As a server (JVM) reaches a heap usage of 65% of available heap,
the server overflows entries to disk as it need to make space
for updates.

## <a id="persistent-regions"></a> Persistence

Persistence adds a level of fault tolerance to a PCC service
instance by writing all region updates to local disk.
Disk data, hence region data, is not lost upon cluster failures
that exceed redundancy failure tolerances.
Upon cluster restart, regions are reloaded from the disk,
avoiding the slower method of restart that reacquires data using
a database of record.

Creating a region with one of the region types that includes
`PERSISTENT` in its name
causes the instantiation of local disk resources
with these default properties:

- Synchronous writes. All updates to the region generate
operating system disk writes to update the disk store.
- The disk size is part of the instance configuration.
See [Configure Service Plans](operator.html#plan-config)
for details on setting the persistent disk types for the server.
Choose a size that is at least twice as large as
the expected maximum quantity of region data, with an absolute
minimum size of 2 GB.
Region data includes both the keys and their values.
- Warning messages are issued when a 90% disk usage threshold
is crossed.

## <a id="app-regions"></a> Regions as Used by the App

The client accesses regions hosted on the servers by creating a cache
and the regions.
The type of the client region determines if
data is only on the servers or 
if it is also cached locally by the client in addition to being on
the servers.
Locally cached data can introduce consistency issues,
because region entries updated on a server are
not automatically propagated to the client's local cache.
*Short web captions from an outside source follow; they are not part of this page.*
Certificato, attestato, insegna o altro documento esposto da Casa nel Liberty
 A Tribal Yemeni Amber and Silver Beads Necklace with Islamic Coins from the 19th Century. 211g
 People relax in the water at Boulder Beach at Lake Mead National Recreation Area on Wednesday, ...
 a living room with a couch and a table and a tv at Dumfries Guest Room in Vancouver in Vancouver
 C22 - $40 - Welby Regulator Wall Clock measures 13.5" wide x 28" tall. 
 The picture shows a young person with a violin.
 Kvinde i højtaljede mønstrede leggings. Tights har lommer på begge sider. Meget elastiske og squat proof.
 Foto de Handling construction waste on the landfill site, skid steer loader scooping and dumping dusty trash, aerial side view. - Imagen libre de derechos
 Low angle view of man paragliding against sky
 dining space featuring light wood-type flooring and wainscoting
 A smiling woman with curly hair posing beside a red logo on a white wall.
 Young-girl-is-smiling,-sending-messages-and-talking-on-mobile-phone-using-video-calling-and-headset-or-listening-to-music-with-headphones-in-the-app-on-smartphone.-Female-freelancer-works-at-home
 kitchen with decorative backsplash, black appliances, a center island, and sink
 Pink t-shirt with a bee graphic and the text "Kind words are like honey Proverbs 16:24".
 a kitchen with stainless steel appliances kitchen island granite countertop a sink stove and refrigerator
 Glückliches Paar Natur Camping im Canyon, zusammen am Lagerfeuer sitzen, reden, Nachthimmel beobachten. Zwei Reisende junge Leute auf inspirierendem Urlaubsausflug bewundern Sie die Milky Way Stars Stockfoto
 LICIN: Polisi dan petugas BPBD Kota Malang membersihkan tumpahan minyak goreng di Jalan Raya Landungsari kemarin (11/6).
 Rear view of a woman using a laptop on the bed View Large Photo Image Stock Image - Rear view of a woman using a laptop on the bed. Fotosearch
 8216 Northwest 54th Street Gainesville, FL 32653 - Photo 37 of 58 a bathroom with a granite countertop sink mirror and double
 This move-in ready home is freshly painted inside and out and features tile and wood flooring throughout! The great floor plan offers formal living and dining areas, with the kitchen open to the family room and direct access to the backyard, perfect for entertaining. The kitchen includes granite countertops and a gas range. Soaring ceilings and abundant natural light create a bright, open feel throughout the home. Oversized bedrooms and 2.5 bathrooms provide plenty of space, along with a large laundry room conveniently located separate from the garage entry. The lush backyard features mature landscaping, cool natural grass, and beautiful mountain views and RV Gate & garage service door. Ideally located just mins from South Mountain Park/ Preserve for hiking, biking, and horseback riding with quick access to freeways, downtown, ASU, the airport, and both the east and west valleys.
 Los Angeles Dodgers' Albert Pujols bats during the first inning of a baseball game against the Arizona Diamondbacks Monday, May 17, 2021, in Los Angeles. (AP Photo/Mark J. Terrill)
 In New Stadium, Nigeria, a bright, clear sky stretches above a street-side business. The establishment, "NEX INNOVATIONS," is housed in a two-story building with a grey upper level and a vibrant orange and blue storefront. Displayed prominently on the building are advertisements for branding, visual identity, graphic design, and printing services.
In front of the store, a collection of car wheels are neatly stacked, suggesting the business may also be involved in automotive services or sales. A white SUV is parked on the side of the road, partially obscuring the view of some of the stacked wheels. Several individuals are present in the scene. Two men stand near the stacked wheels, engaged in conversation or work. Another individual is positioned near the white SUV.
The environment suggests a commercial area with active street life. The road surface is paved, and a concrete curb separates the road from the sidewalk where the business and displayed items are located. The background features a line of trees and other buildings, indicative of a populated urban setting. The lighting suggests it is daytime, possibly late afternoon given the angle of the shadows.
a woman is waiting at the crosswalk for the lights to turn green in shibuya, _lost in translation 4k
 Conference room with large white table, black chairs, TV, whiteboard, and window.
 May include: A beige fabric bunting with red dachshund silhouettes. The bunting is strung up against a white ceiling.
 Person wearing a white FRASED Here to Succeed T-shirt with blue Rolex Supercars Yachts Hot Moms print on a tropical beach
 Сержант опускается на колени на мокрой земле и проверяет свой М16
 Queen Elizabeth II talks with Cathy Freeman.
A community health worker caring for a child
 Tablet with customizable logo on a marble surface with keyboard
Client region types associate a name with a particular
client region configuration.

- `PROXY` forwards all region operations to the servers.
No entries are locally cached.
Use this client region type unless there is a compelling reason to use 
one of the other types.
Use this type for all Twelve-Factor apps
in order to assure stateless processes are implemented.
Not caching any entries locally
prevents the app from accidentally caching state.
- `CACHING_PROXY` forwards all region operations to the servers,
and entries are locally cached.
- `CACHING_PROXY_HEAP_LRU` forwards all region operations to the servers,
and entries are locally cached.
Locally cached entries are destroyed when the app’s
usage of cache space causes its JVM to hit
the threshold of being low on memory.

## <a id="region-design-example"></a> An Example to Demonstrate Region Design

Assume that on servers, a region holds entries representing customer data.
Each entry represents a single customer.
With an ever-increasing number of customers,
this region data is a good candidate for a partitioned region.

Perhaps another region holds customer orders.
This data also naturally maps to a partitioned region.
The same could apply to a region that holds order shipment data
or customer payments.
In each case, the number of region entries continues to grow over time,
and updates are often made to those entries,
making the data somewhat write heavy.

A good candidate for a replicated region would be the data
associated with the company’s products.
Each region entry represents a single product.
There are a limited number of products,
and those products do not often change.

Consider that as the client app goes beyond the most simplistic
of cases for data representation,
the PCC instance hosts all of these regions
such that the app can access all of these regions.
Operations on customer orders, shipments,
and payments all require product information.
The product region benefits from access to all its entries 
available on all the cluster's servers,
again pointing to a region type choice of a replicated region.